The function WORDS2NUM converts a string (with a number given in English words) into a numeric value, e.g. 'one thousand and twenty-four' -> 1024. Optional arguments control many string formatting and dialect options. The options are explained in this document, together with examples.
The string format is based on http://www.blackwasp.co.uk/NumberToWords.aspx
For many integer and decimal values WORDS2NUM can be called without any options. WORDS2NUM will match integers, decimal digits following the word 'point', and multipliers ('million', 'billion', etc.) in sequence:
words2num('zero') words2num('infinity') words2num('negative one thousand and twenty-four') words2num('one point two three') words2num('nine point eight million'), format longg words2num('five billion, six million, seven thousand and eight'), format shortg
ans = 0 ans = Inf ans = -1024 ans = 1.23 ans = 9800000 ans = 5006007008
The class of the numeric output can be selected using the class option. All relevant internal numeric operations are performed in this class, but the string detection (based on REGEXP) does not change. This means information may be lost during conversion from string to numeric value:
words2num('one centillion', 'class','double') % default words2num('one centillion', 'class','uint8') words2num('infinity', 'class','uint8')

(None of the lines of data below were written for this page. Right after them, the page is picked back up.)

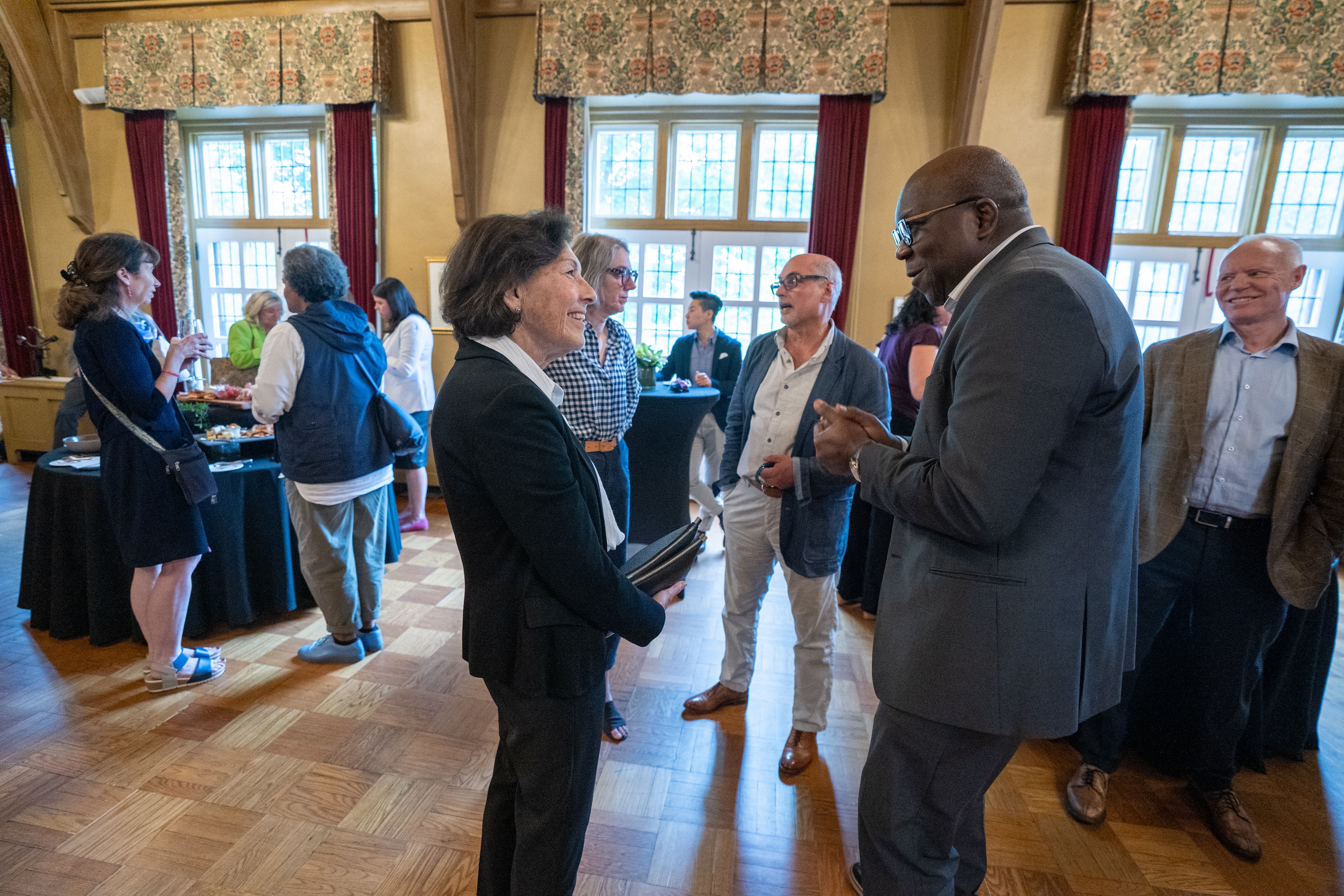 Susan Denburg and Bonny Ibhawoh chat during a gathering in Alumni Memorial Hall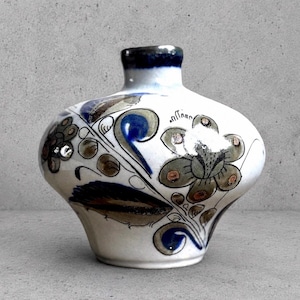 May include: A white ceramic vase with a wide, rounded body and a narrow neck. The surface features hand-painted floral motifs in shades of dark blue, muted green, and brown, with a dark blue rim around the opening of the vase.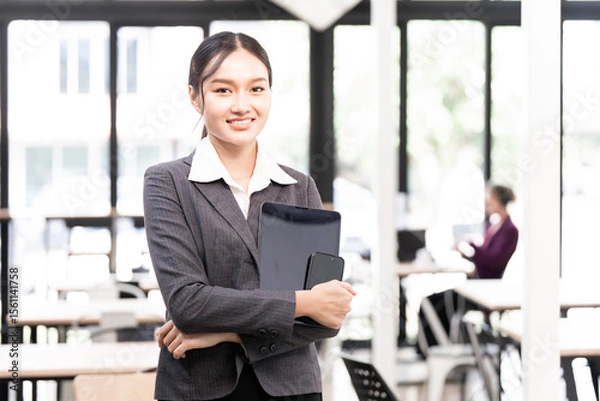 Obraz Portrait of happy businesswoman with touchpad in office looking at camera.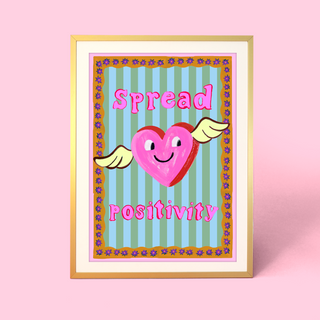 Eleanor Bowmer artwork with a heart and wings, text 'Spread Positivity', on a stripey background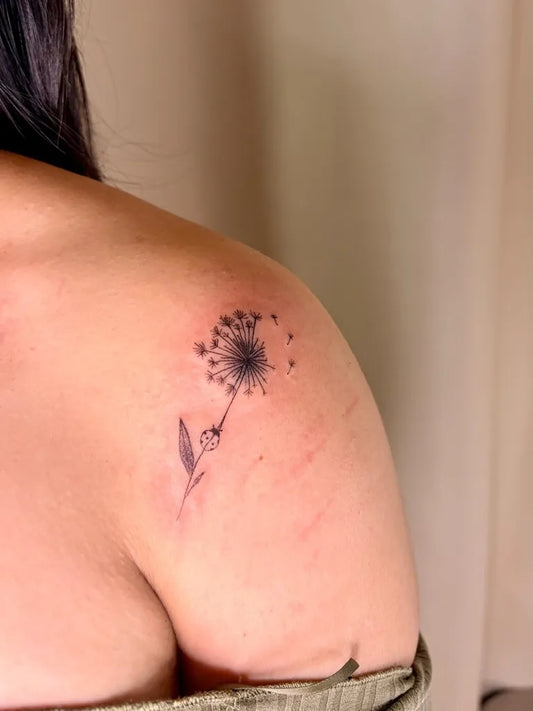 Small Black and Grey Dandelion Tattoo on Women Shoulder by @theevieedit_pmu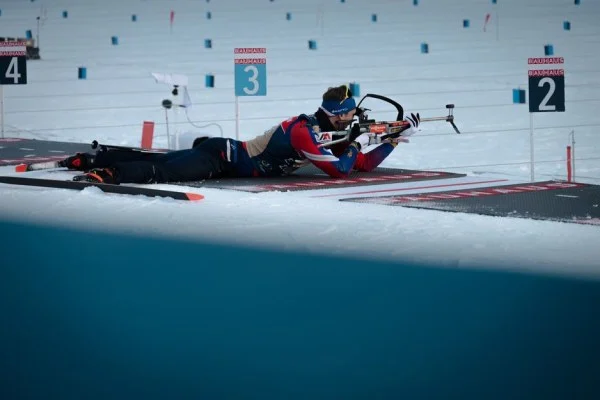 shooting athlete aiming rifle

ans = 1e+303 ans = 255 ans = 255
Because the string detection is based on REGEXP it is possible to detect any number strings inside of longer strings. WORDS2NUM returns a vector of the converted numbers, and a cell array of the input string parts that were split by the detected number strings:
[num,spl] = words2num('HelloOneThousandAndTwenty-FourWorld!') [num,spl] = words2num('before one hundred middle two hundred after')
num = 1024 spl = 'Hello' 'World!' num = 100 200 spl = 'before ' ' middle ' ' after'
The number strings can be matched depending on the character case:
words2num('One Thousand and TWENTY-four', 'case','ignore') % default words2num('One Thousand and TWENTY-four', 'case','title') words2num('One Thousand and TWENTY-four', 'case','upper') words2num('One Thousand and TWENTY-four', 'case','lower')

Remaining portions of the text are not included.